The elastic member 450 may have either end coupled to the housing 420 and the mirror holder 410 respectively, as illustrated in FIG. 17, to provide an elastic force to the mirror holder 410. As both ends are secured, the noise that may otherwise be caused by the spring according to the rotation of the mirror holder 410 can be prevented.
In this embodiment, a folded flat spring 452 can be used as the elastic member 450, as illustrated in FIG. 18, and alternatively, a coil spring 454 can be used as the elastic member 450, as illustrated in FIG. 19. Furthermore, it is to be appreciated that the invention encompasses other compositions and coupling relationships known to those skilled in the art that are capable of supplementing the operation of the driving unit 430 and may have both ends secured to reduce or prevent noise.
Next, a description will be provided for a fifth disclosed embodiment, in which supplementing magnets are used as the supplementing unit.
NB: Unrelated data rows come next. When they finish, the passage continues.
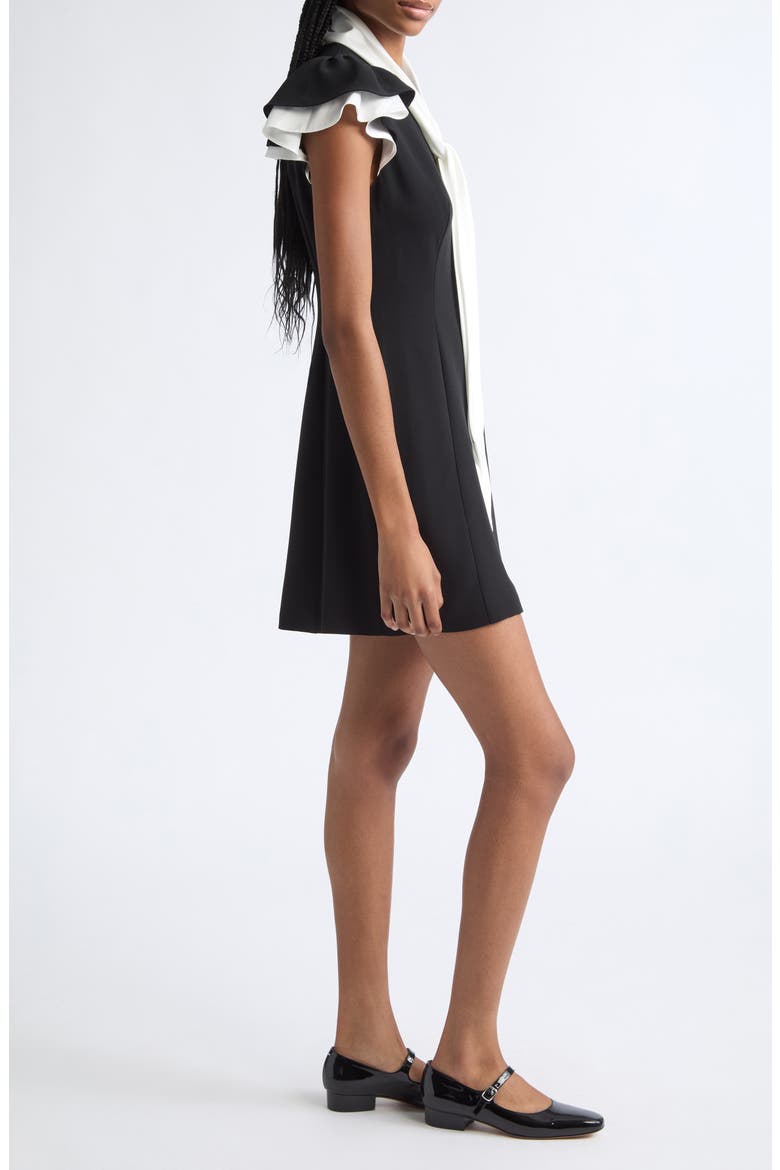 Sarya Flounce Sleeve Dress, Alternate, color, BLACK/ IVORY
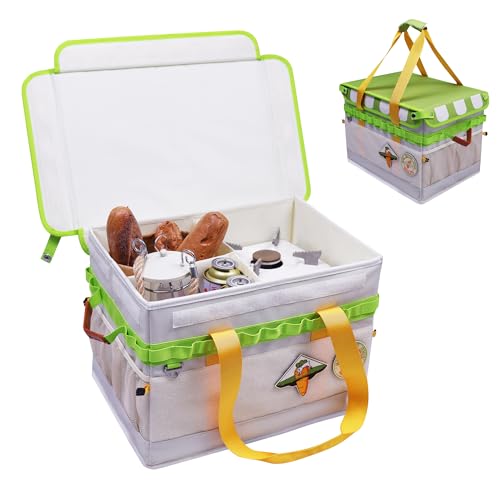 喜马拉雅 Himalaya 30L Camping Storage Bag with Lid, Carrot Orange Camping Organizer Containers, Picnic Basket Chuck Box Tactical Bag for Hiking Cookware Travel Car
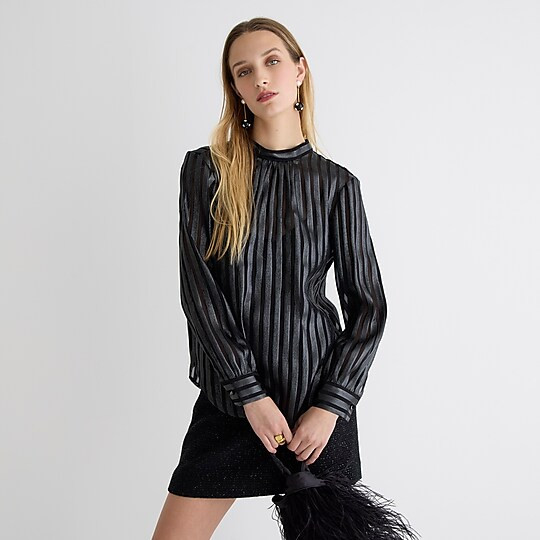 Metallic chiffon mockneck top | J. Crew US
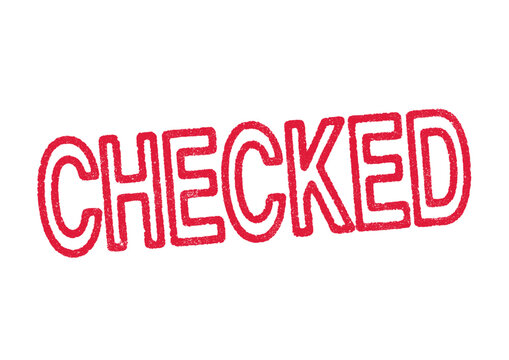 Vector illustration of the word Checked in red ink stamp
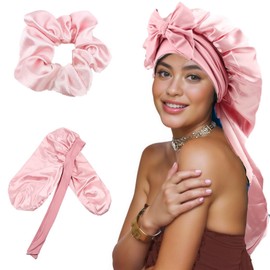 LadayPoa Double Layer Sleep Cap with Hair Ties for Women Long Hair Bonnet for Curly Hair Waterproof Satin Hair Cap for Sleeping Extra Large Adjustable Satin Bonnet for Women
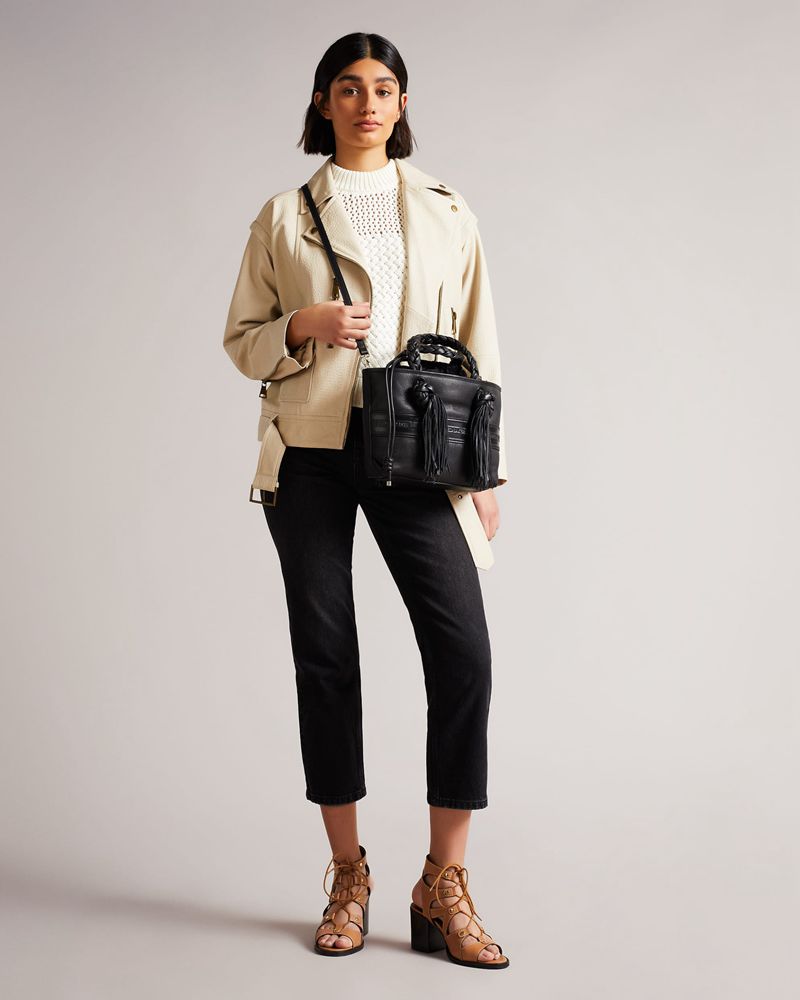 Ted Baker Saffya Branded Tassel Detail Mini Tote Crossbody Väska Dam Svarta | OWD-472351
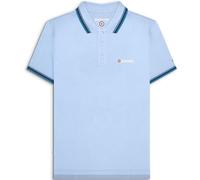 Lambretta Mens Triple Tipped Polo Shirt - Sky/Green/Navy/Lagoon - 4XL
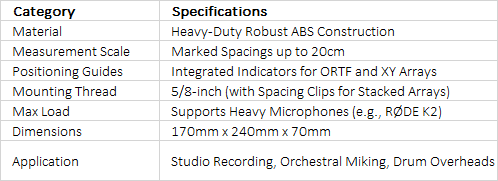 RØDE Stereo Bar | Professional Dual Microphone Spacing & Alignment Bar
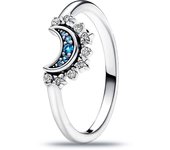 High Heart Red Cube Zircon fashionable Star Moon Flower  Silver Ring ,Mother's Day gift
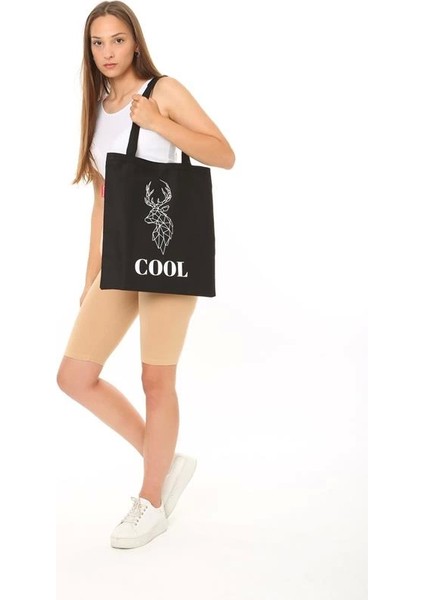 Baghashtag Siyah Bez Çanta Cool Geyik Baskılı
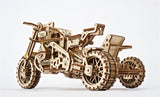 Ugears Scrambler Ugr-10 Motor Bike With Sidecar ★Mechanical 3D Puzzle Kit Model Toys Gift Present Birthday Xmas Christmas Kids Adults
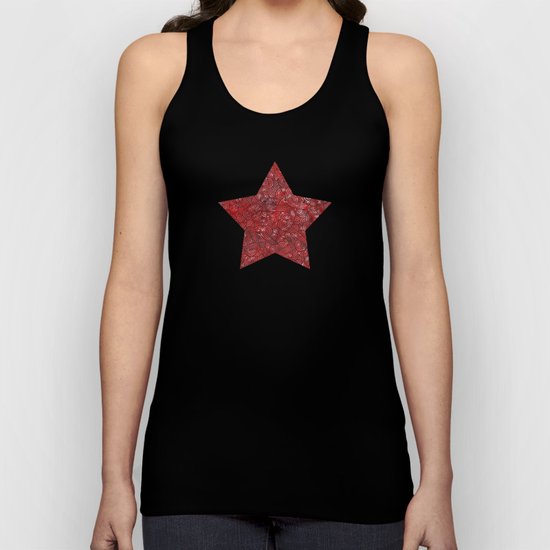 Red and black swirls doodles Unisex Tank Top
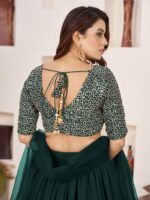 Green Color Georgette Fabric Jari With Sequence Work Lehenga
FIG. 20 is a cross-sectional view illustrating a scanner based on a fifth disclosed embodiment of an aspect of the invention. In FIG. 20, there are illustrated a scanner 500, a mirror 505, a mirror holder 510, a housing 520, a rotation shaft 526, a support part, a driving unit 530, a driving coil 532, a driving magnet 534, a sensing magnet 540, a Hall sensor 545, and supplementing magnets 550.
In this embodiment, a scanner 500 is presented, in which supplementing magnets 550 are used that may be arranged such that the driving magnet 534 is interposed in-between, to prevent noise that may occur during the operation of the scanner 500.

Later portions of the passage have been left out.